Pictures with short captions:
= = = =
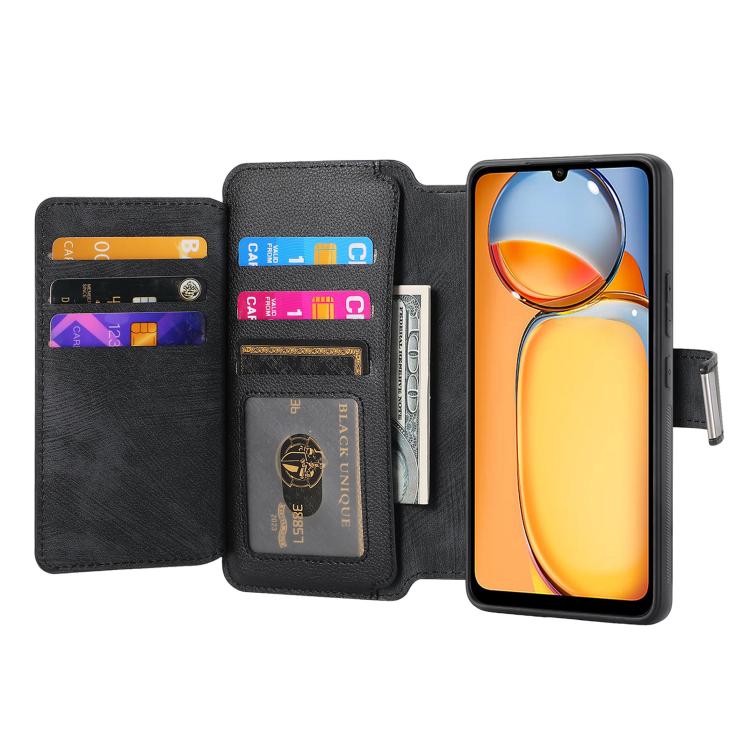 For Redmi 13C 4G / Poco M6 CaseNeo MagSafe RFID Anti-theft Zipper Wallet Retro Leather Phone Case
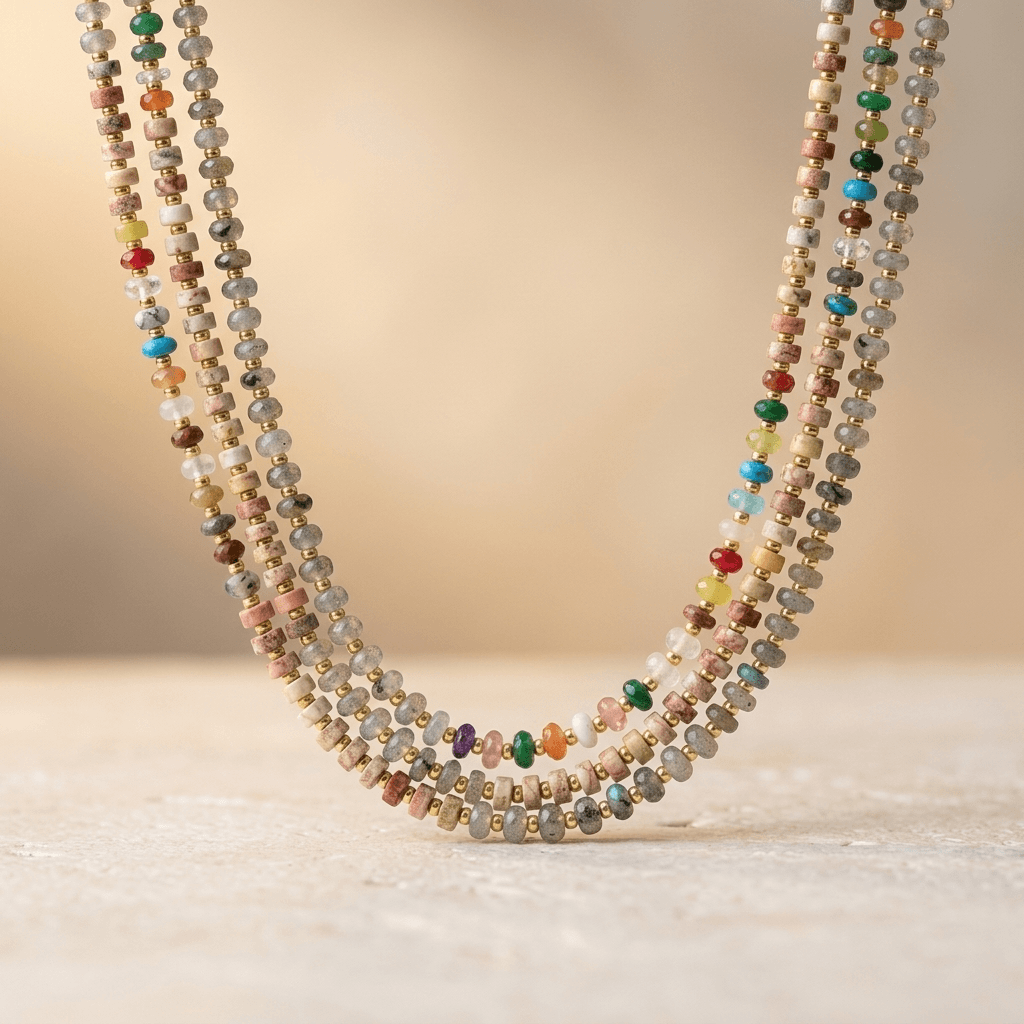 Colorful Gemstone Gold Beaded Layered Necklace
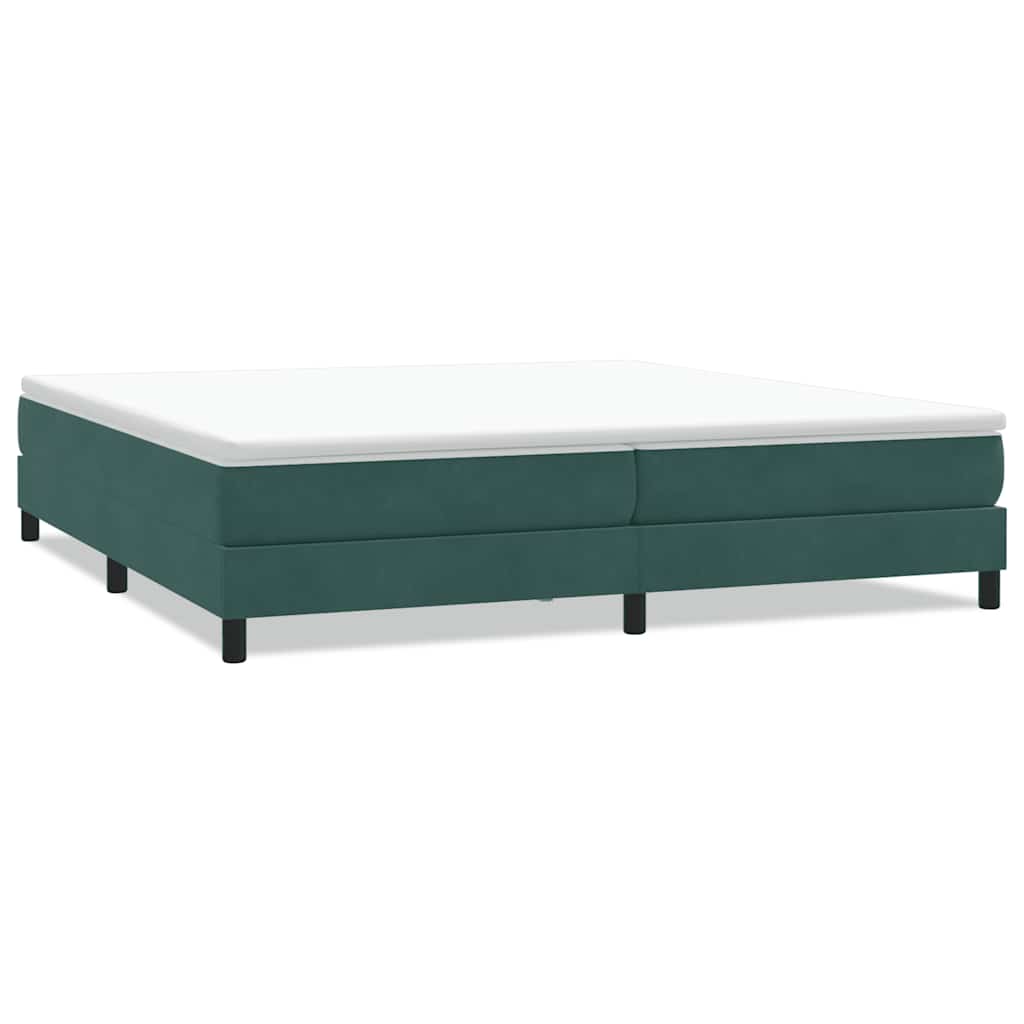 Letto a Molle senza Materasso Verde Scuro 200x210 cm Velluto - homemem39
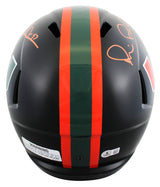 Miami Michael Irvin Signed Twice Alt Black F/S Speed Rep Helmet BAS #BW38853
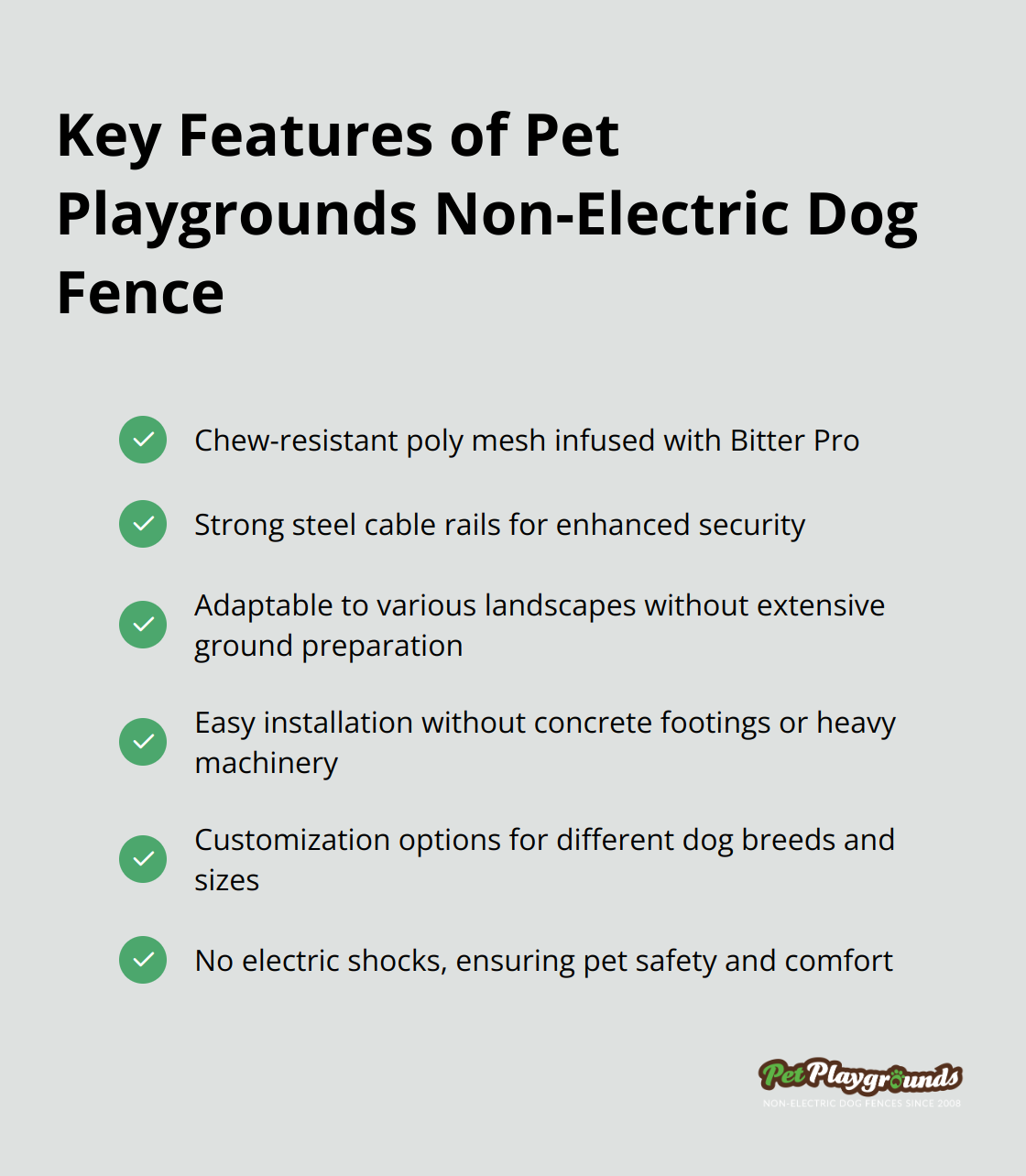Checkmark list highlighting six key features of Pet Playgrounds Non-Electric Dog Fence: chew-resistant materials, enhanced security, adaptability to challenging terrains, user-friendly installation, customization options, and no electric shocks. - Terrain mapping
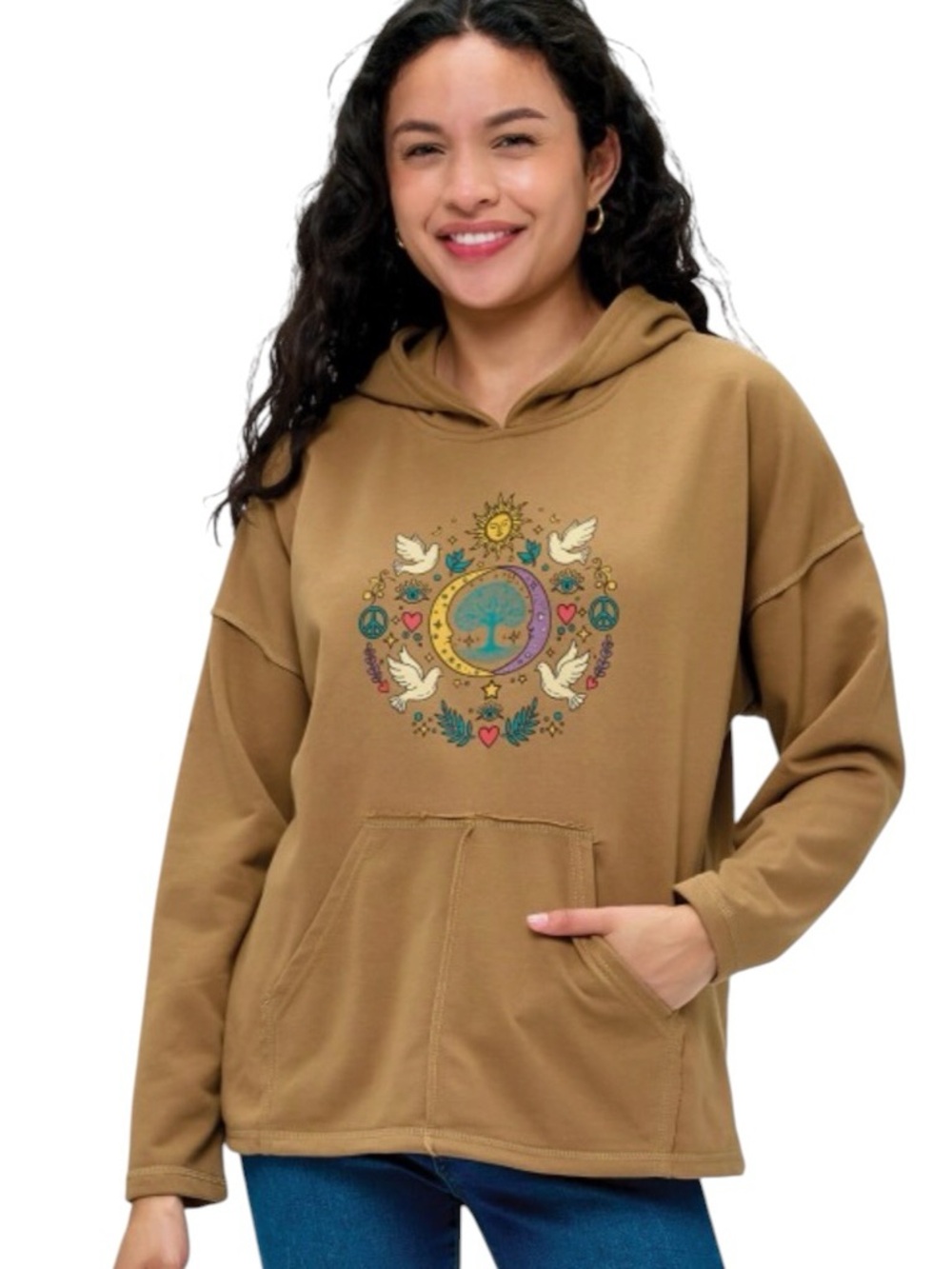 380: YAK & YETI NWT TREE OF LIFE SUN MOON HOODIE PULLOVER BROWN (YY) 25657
= = = =
- EXERCISE DIRECTIONS -
Starting at the line that holds "Colorful Gemstone Gold", print each line through the last one of the entries above, exactly and with both ends included; no pictures.

- RESPONSE BOX -
 Colorful Gemstone Gold Beaded Layered Necklace
 Letto a Molle senza Materasso Verde Scuro 200x210 cm Velluto - homemem39
 Miami Michael Irvin Signed Twice Alt Black F/S Speed Rep Helmet BAS #BW38853
Checkmark list highlighting six key features of Pet Playgrounds Non-Electric Dog Fence: chew-resistant materials, enhanced security, adaptability to challenging terrains, user-friendly installation, customization options, and no electric shocks. - Terrain mapping
 380: YAK & YETI NWT TREE OF LIFE SUN MOON HOODIE PULLOVER BROWN (YY) 25657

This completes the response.